Bir akıl hastanesinden bir kitap fırlatıldı dünyaya uğultularla. D koğuşundan hastalar kaçıştılar etrafa. Bayan Coral tecrite gidiyordu o sırada, olmayan kralın eski eşi vaazlar veriyordu ve bir genç kız kendi tanrılarına doğru koşuyordu. Çağırıyordu onu tanrıları ‘kuş-kız’ gerçekliğin burası! Sen onlar gibi değilsin kuş-kız. Sen buraya aitsin! Anterrabae’ydi bunu söyleyen. Alev saçlı düşen tanrı! Sozsuzluğa düşüyordu Anterrabae, ve sonzulukta yankılanıyordu uç kuş-kız. Daha fala zehirlemeden çevreni, buraya gel ‘kuş-kız’.
Zehirli bir kuş-kızdı Deborah. Kendi gerçekliğinin içinde sürüklenen, kendi tanrılarıyla, kendi diliyle ve onu koruyan kendi sansürüyle var olan bir kızdı sadece. Ne zamanki, kendi gerçekliğiyle, dünyanın gerçekliği anlaşamadığını fark etti o zaman zehirlere bulandı Demorah. Gitmesi gerektiğini düşündü kendi var olduğu dünyaya. Fakat bileti yanlış almış olmalıydı. Bir akıl hastanesinde buldu kendini soluk benizli, mırıldanan kuş-kız. Elinde olan tek şeyi hastalığıydı kuş-kızın. Ayaklarını basabildiği tek zemin, konuşabildiği, şarkı söyleyebildiği tek sığınağıydı hastalığı. Kim kendi tanrılarından ayrılmak ister ki? Bu yüzden zordu Deborah’ı tedavi etmek. Gerçek olarak bildiğiniz her şeyin size bir hastalığın sonucu olduğunu söylediklerini düşünün. Geçmişte yaşadıklarınız aslında sadece birer sanrıymış. Öldürmeye çalıştığınız kardeşinizle ilgili o anının aslında kafanızda yarattığınız bir oyundan aşka bir şey olmadığını 18 yaşında öğrenmek, gerçeğin, sizin gerçeğinizden apayrı bir yolda ilerlediğini fark etmek ve o yola çıkmaktan korkmak. Deborah’ın yaşadığı bunlardı. Daha ilkokul sıralarındayken gerçekliği karışmaya başlamıştı. İletişim kuramamak ve dışlanmak bu süreci daha da hızlandırmıştı. Var olması gerekiyordu ve bu dünyada var olamıyordu, var olmasına izin verilmiyordu. Yalnızlığın sularına gömülürken Anterrabae tutmuştu kollarından ve gerçeklik sonsuz evrende kaybolmuştu. Şimdi onun gerçekliğinin zamanıydı.

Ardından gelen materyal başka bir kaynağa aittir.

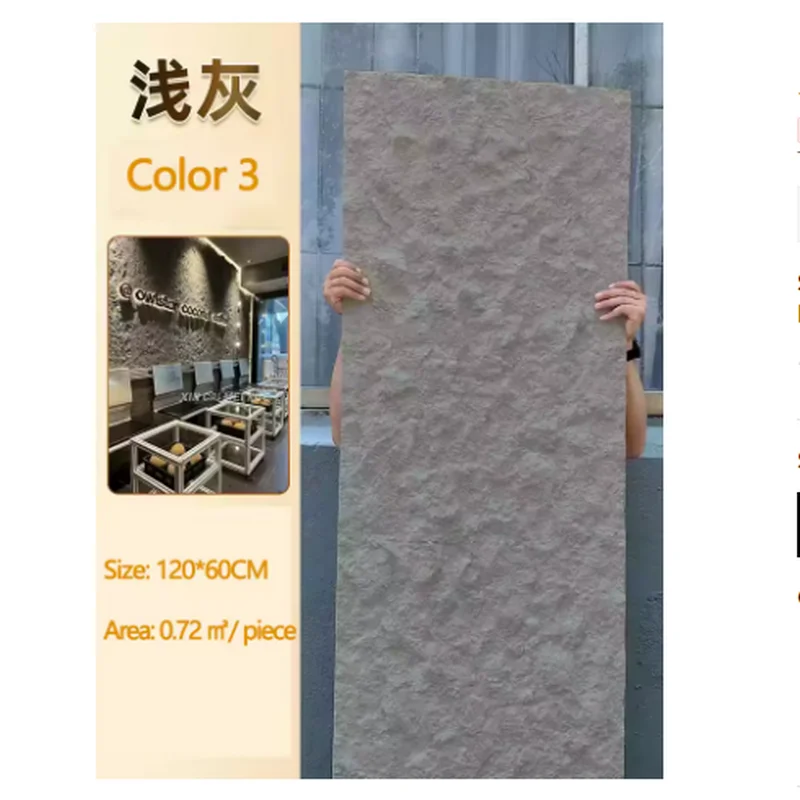 لوحة حائط مزخرفة من الحجر الناعم، طراز بسيط، بورسلين ناعم، خلفية حجرية ناعمة، مركز تسوق، مقهى GN134TB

Deborah’a gül bahçesi vadedilmemişti ve Deborah da bir gül bahçesi ummamıştı o sadece kendi çiçeklerini ekebileceği küçücük bir toprak istemişti ama toprağını kendi yaratmak zorunda kalmıştı. Onlarca gerçeklikle dolup taşan saldırganlar koğuşunda, Deborah’ın kendi dünyasına geçişlerine tanık oluruz. Renkleri algılayamamasına, seslerin boğuklaşmasına, tüm duyularının ve duygularının kaybolup kendi evrenine geçişini görürüz. Anterrabae’yi ve diğer tanrıları, sansürü, koroyu… Saatler sonra buz gibi bir tulumun içinde gerçekliğe döner Deborah bu böyle onlarca kez tekrarlanır. Bu dünyadan ayrılış, kuş-kız dünyası, soğuk tulum… Ayrılış, koro, soğuk… Ayrılış, sansür, soğuk… Soğuk… Deborah’a göre ağustos bile soğuktur. Dünya terlerken, Deborah bir battaniyenin içinde titrer, kendi dünyasının elinden alınmasına titrer, hasta olarak bilinmesine titrer ve iyileşip dünyaya dönme düşüncesine titrer. O koğuş onların sığınağıdır ve dünya bilinmezlerle doludur. Onları hasta eden dünya ve duyumsayamadıkları duyguları geri kazanmaktan korkarlar. Cesaretlerini buldukları zaman iyileşme başlar aslında. Alınan onca ilaç, soğuk tulumlar sadece birer küçük kolaylaştırıcıdır aslında. Tedavi sadece kabullenildiği zaman başlar. Kendi dünyanızdan ayrılmayı kabul ettiğinizde, elinizde olan en gerçek şeyin gerçek olmadığını bilecek kadar cesur olduğunuzda dünyaya kabul edilirsiniz.
Sana Gül Bahçesi Vadetmedim, bir delilikten ziyade kabullenilişin romanı. Tekrar hissedebilmenin ve gerçekliğin romanı. Greenberg’in kendi hayatından yola çıkarak yazdığı bu 280 sayfalık şizofreni macerası akıl hastalarının bilinmezliklerini anlatırken, toplumun ‘yıkılamayan’ değer yargılarına ‘yıkıcı’ bir eleştiri getiriyor ve ‘normal’ olanı sorgulatıyor.